About adaptation options, the SAT members opined that DCV-based outlooks can help water allocation among various users such as farmers, ranchers, fishery/recreation, social, cultural and economical issues. The question, however, would again be: who will benefit more among these users from the DCV information? This is especially relevant in dry epochs. Also, adaptation is not dependent solely on economics of farming or ranching or other uses of water. If a farmer is trying to increase soil health and plants a cover crop, they lose money. So, although it is not an economically sound decision in the short term, there are long term benefits of improved soil health which can not be easily quantified. The SAT also felt that 1 to 2 years and 5 to 10 years outlooks would be useful for making planning decisions at various scales. A guidance and risk management tool to use DCV information, and planned impacts scenarios using the SWAT and RIVERSIM-like models are required for various sectors. Finally, the SAT opined that an evaluation network of stakeholders would be required to assess the usefulness of DCV information.

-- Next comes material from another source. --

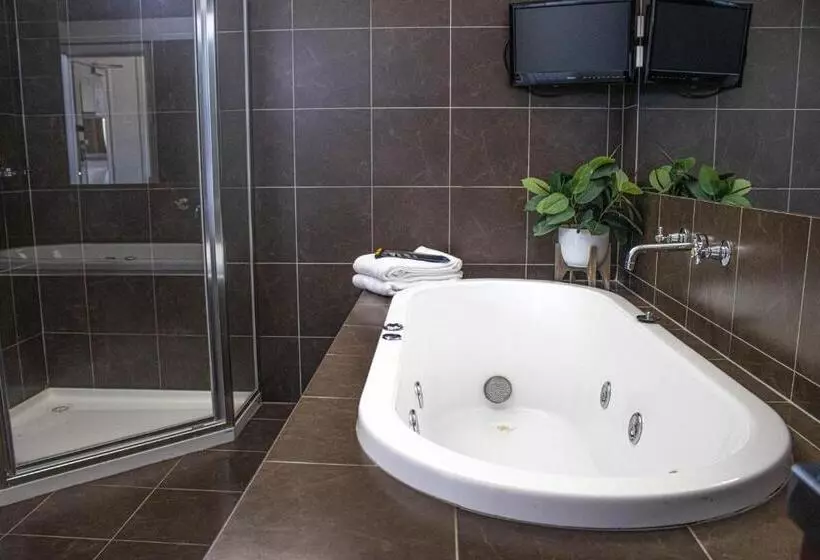 Oscars Hotel And Cafe Bar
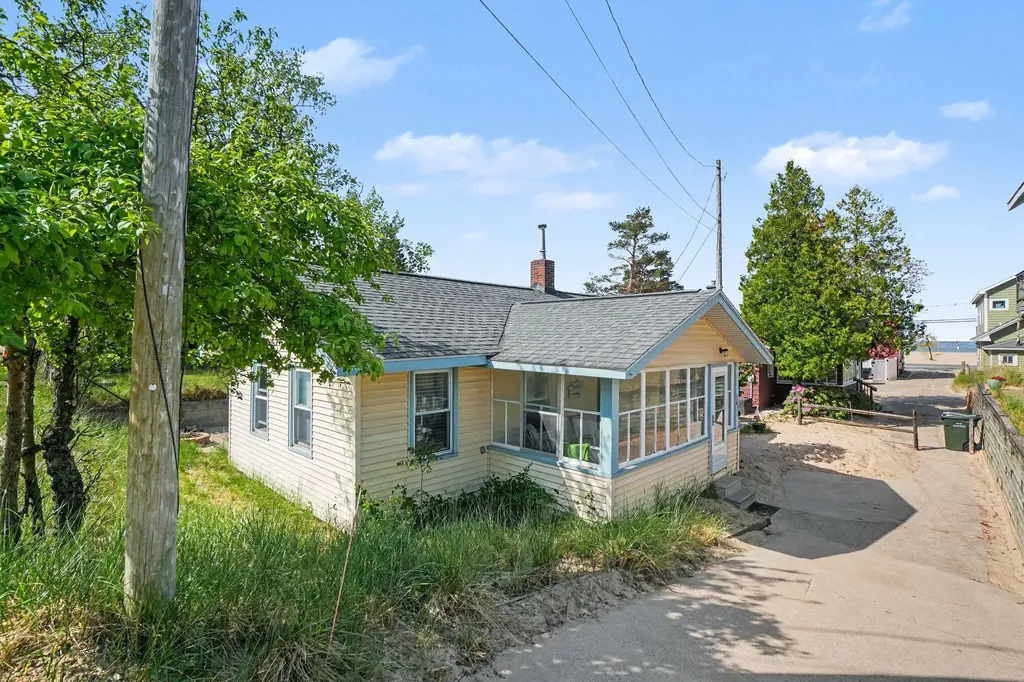 1675 Nelson Street Muskegon City MI 49441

Thus, this project is aiming to assess predictions of DCV and its societal impacts in the Basin through a better understanding of coupled physical, biological, and human processes; quantify impacts of DCV on agricultural and other human systems, and identify and quantify feedback loops through which human systems help determine outcomes of DCV; maximize utility of available observational and ESM data for impact and vulnerability/resilience assessments through downscaling activities; and effectively translate results from ESMs, and hydrology, crop, and economic impact models and the uncertainties associated with them into a scientific basis for well-informed societal adaptation to and management decisions for decadal climate and impacts prediction in the Basin. This project is also contributing to further development of SWAT and RIVERSIM models. Thus, this project has and is contributing substantially towards achieving solicitation goals of NSF, USDA, and DOE Earth System Modeling Program.
This project has employed 6 senior scientists, 2 research scientists, 1 post-doctoral scientist,1 research associate, 5 Ph.D. students, 9 undergrad. students, 3 outreach specialists, 1 web programmer, 1 administrative officer, and 1 information technologist. Minority groups – 6 women and 1 Hispanic – are actively involved in this project. Four Ph.D. dissertations have come out of this project so far, with one more on the way. At least 9 undergraduate students have been involved in this project so far. In addition to the peer-reviewed publications cited above, at least 8 conference/workshop presentations have reported about this project. This project has further developed existing collaborations among a non-profit organization and three universities. The methods developed will serve as a prototype for development of similar systems elsewhere. Thus, impacts of this project will be felt broadly and deeply.